Health Canada consulting on clinical trial requirements and “new class” of advanced therapeutic products

As we reported, the Budget Implementation Act, 2019 (BIA) paved the way for changes to the regulation of clinical trials and created a new class of “advanced therapeutic products” (ATPs) regulated by Health Canada. Health Canada is consulting on what it should consider in developing regulations for clinical trials and implementing the approval pathway for ATPs until August 30, 2019.


The BIA received Royal Assent on June 21, 2019. The changes to clinical trial regulation will come into force once new regulations are developed and implemented. While the ATP provisions from the BIA are now in force as part of the Food and Drugs Act, Health Canada is consulting on how to best implement them.

In the context of the consultation, Health Canada has published a discussion paper entitled Agile regulations for advanced therapeutic products and clinical trials (the Discussion Paper). This paper is premised on the idea that some Health Canada regulations for drugs and medical devices have not kept pace with innovation. The paper describes an “ambitious regulatory reform agenda” in order to accommodate highly complex technology while still protecting the health and safety of Canadians.

Clinical Trials

The Discussion Paper indicates that the current “one-size-fits-all” approach to clinical trials may discourage certain types of studies, and may poses challenges to small and medium sized companies. The intention of the new regulatory framework is to:

  • allow for new types of trials;
  • decrease cost for low-risk trials and regulate in proportion to risks; and
  • improve alignment with global partners and increase Canada’s competitiveness in attracting trials.

Health Canada intends to expand its focus in order to control the conduct of all parts of a clinical trial. It will expand the use of evidence gathered through trials. It will also give patients greater access to information on available clinical trials and to the results of these trials.

Health Canada also intends to expand the clinical trials framework to include studies of food for special dietary purposes (e.g., infant formula). Currently, it is not possible to conduct clinical trials with these foods in Canada.

Advanced Therapeutic Products

The Discussion Paper indicates that most products will continue to be regulated via one of the existing pathways, rather than as ATPs. The new ATP pathway is being created for exceptional circumstances where drugs or devices are “so novel, complex, and distinct that current regulations are not equipped to handle them” (e.g., gene editing).

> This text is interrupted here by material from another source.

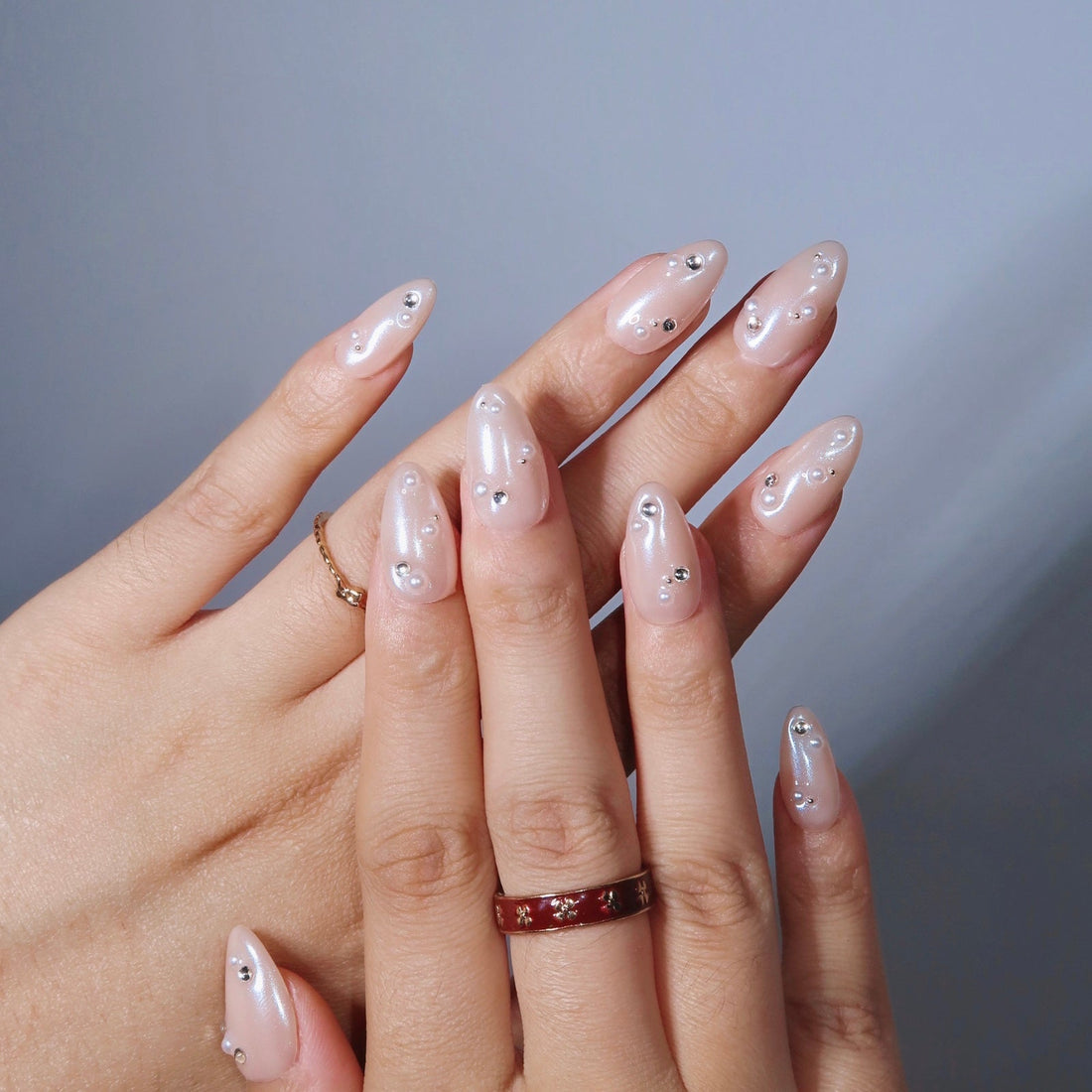 Aurora Pearls Almond Press On Nails – Reusable Salon Quality Nail Set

Health Canada envisions a flexible pathway with a “concierge service” that provides a flexible, risk-based way to authorize products while protecting the health and safety of Canadians. Under the new pathway, Health Canada will consult with stakeholders and consider:

  • The risks and benefits associated with the product, and steps available to adequately manage and control these risks.
  • The extent to which the product is different from already approved drugs or devices.
  • The extent to which there are other appropriate controls in place, e.g., through provincial and territorial legislation.

ATPs will be authorized either by (1) licence (with associated terms and conditions) or (2) an order of permission (more suitable for lower-risk products). In both instances, Health Canada would aim to ensure that the ATP meets market licensing and health technology assessment requirements.

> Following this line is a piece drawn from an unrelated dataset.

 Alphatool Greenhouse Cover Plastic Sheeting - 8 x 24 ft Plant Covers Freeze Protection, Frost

The paper concludes by providing three questions to guide feedback:

  1. What products would you want to put forward for consideration under the ATP pathway?
  2. Can you suggest any good models of an enhanced client “concierge” service that would help companies wishing to be considered for the ATP pathway?
  3. What recommendations do you have for creating clinical trials regulations that would attract clinical trials in Canada and be an effective model in the Canadian context?